On the cusp of superstardom, Lana Del Rey has chosen a musical path that reveals her singular artistic talents with no commercial consideration. She continues to explore dark themes, revels in reckless adolescent angst and daring while also wallowing in the ruined glamour of old Hollywood. Though there will be little chance for the kind of chart-topping hits that propel many young female pop stars, this mature, understated release—only her second full-length album as Lana Del Rey—continues to prove that she is an artist with a musical vision, not a marketing plan.

Chrissie Hynde

Chrissie Hynde and the original Pretenders only recorded two albums. Aside from Hynde and drummer Martin Chambers, the band has been a group in name only for the last 30 years. While Hynde did record J.P., Chrissie and the Fairground Boys with J. P. Jones in 2010, this is her first solo album. Although short, it packs a punch. And thanks to the production of Björn Yttling (of Peter, Björn and John), the album also has an accessible sound aided by guest spots from Neil Young and tennis legend John McEnroe on guitar. Hynde proves that at 63, she is as relevant as ever, and still looks cool doing it.

Levon Helm
The Midnight Ramble Sessions, Vol. 3

Levon Helm’s Midnight Ramble concerts that took place in his barn in Woodstock are legendary. In 2006, Helm released two CDs from the concerts. This new release features performances recorded between 2005 and 2010 by the likes of Elvis Costello, Allen Toussaint and Chris Robinson from the Black Crowes.
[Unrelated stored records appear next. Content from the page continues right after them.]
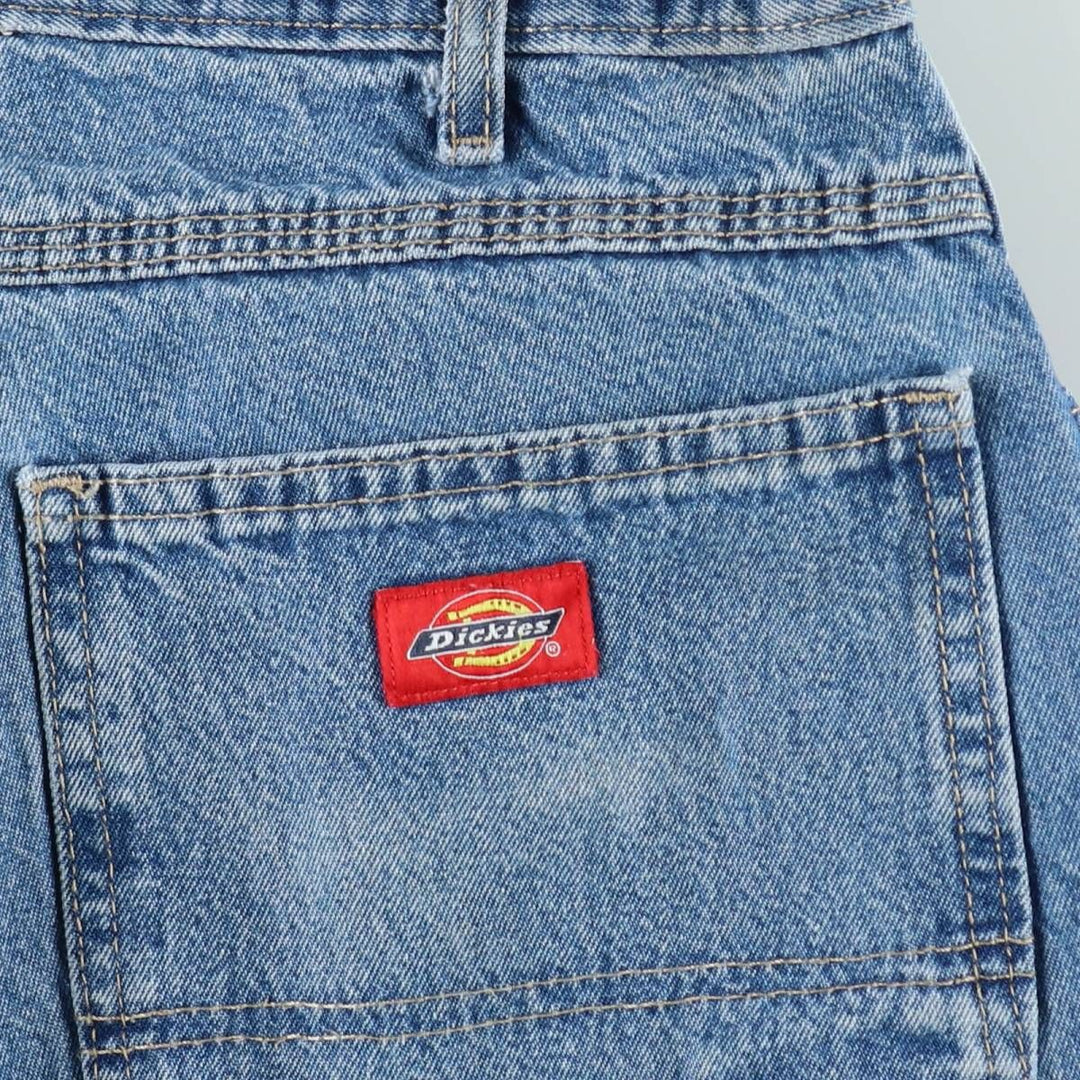 Dickies denim painter pants for men, equivalent to W33 unclear blue type Vintage Second Hand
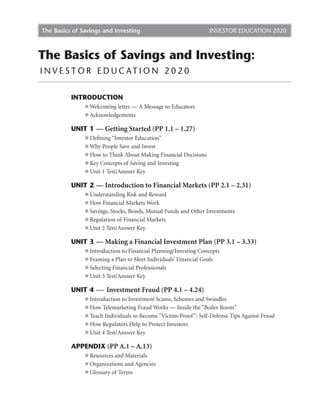 The basics of saving and investing investor education 2020 forex advisor instructions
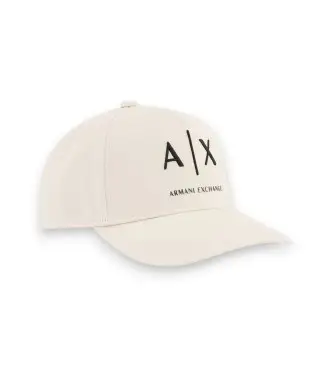 A|X Armani Exchange per uomo XM002696AF15502M1166 Cappellino da baseball regolabile beige (OSFA), Casual, Cotone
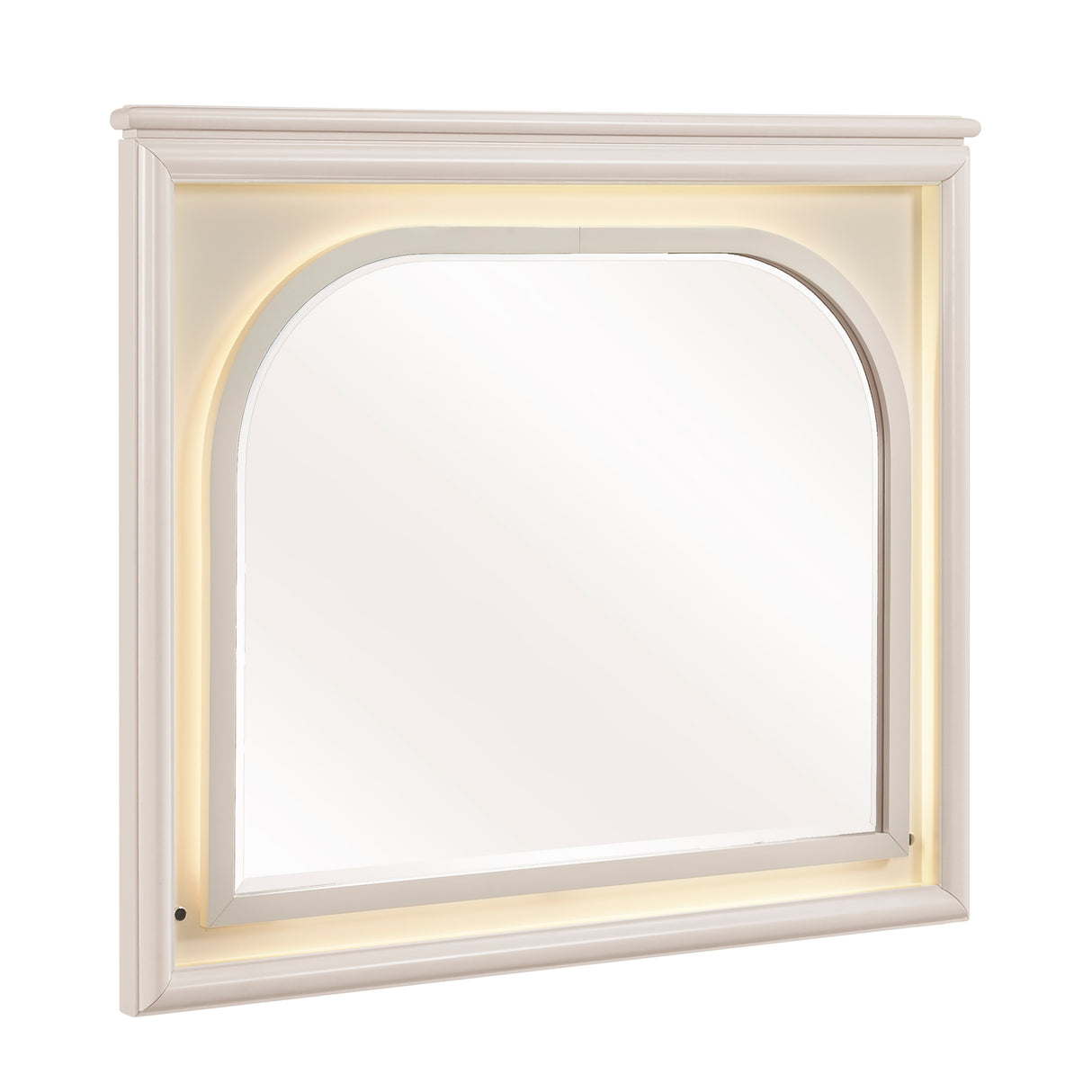 Lunaris Beige Dresser Mirror (Mirror Only) from Homelegance - Luna Furniture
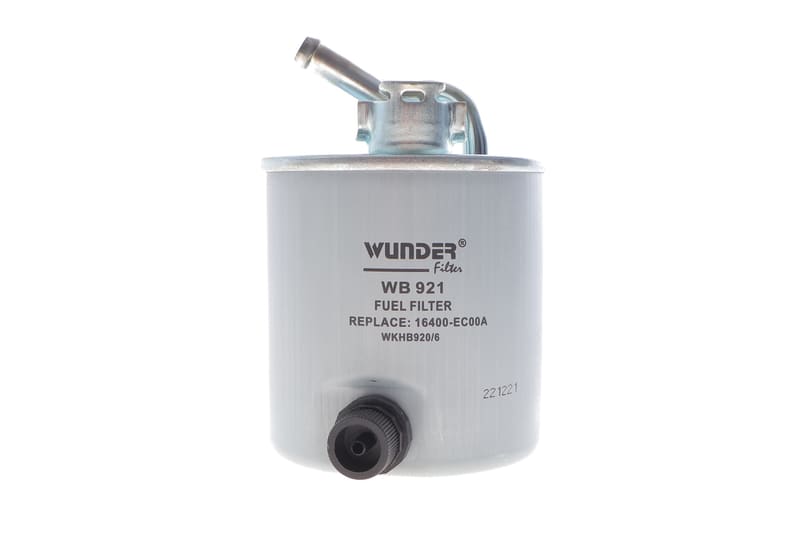 Фильтр топливный Nissan Navara/Armada 2.5dCi 05- WUNDER FILTER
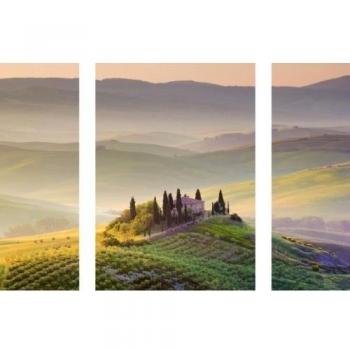 Eurographics DP-DT7015 Tuscany Garden - Tríptico adhesivo de pared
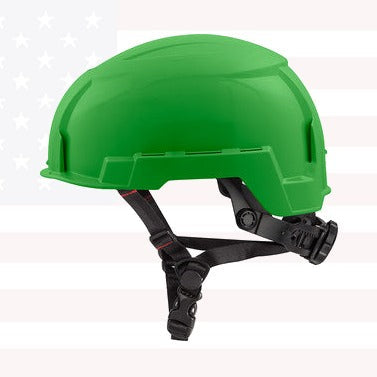 Milwaukee 48-73-1307 BOLT Green Safety Helmet (USA) - Type 2, Class E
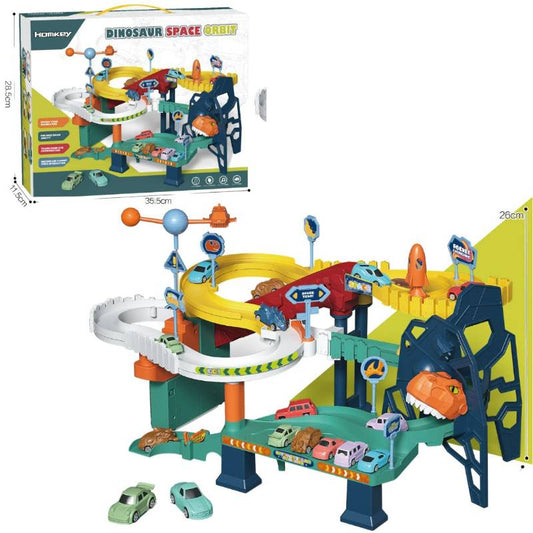 Dinosaur City Orbit Dinosaur Volcano Eruption Adventure Set,With Light Sound,P.Bx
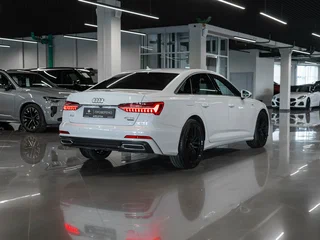 2020 Audi A6 40 TDI V (C8), белый, 4725000 рублей, вид 4
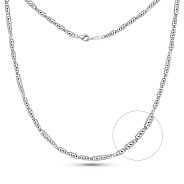 Колье из белого золота Francelli (арт. 352686б)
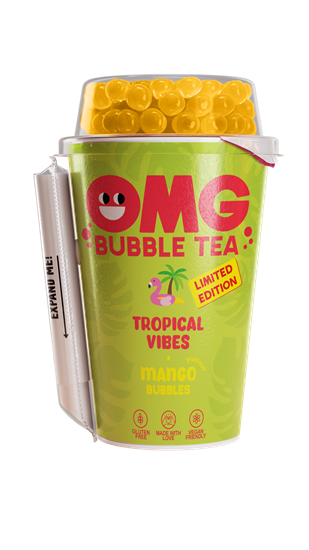 Picture of Tējas dzēriens OMG, tropu garša, ar mango garšas bumbiņām, 0.265l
The timeless Americana roots recordings feature Helm and an extraordinary band including his daughter Amy, Howard Johnson and guitarists Larry Campbell, Jimmy Vivino and Jim Weider.

Sam Smith
In The Lonely Hour

Sam Smith’s breakthrough debut is yet another thrilling new release from a young, soulful British singer. Smith’s sound may be more polished than that of Amy Winehouse, and he’s less interested in shaking up the dance floor than Canadian dance-pop soul crooner Robin Thicke, but his voice and impeccable soul chops make him an early contender for debut artist of the year.

1000 Forms of Fear
(Monkey Puzzle/RCA)

Unlike Lana Del Rey, Sia has slowly built a following for her quirky and eccentric, electronic pop. Now, after a long series of adventurous albums, she may be poised for stardom. On this third Monkey Puzzle release, Sia straddles the fence between maintaining her style and finally giving in to a much bigger, broader and nearly in-your-face sound. It isn’t so much that Sia is ceding her artistic ambitions on this new album; it’s that her audience is finally catching up to her.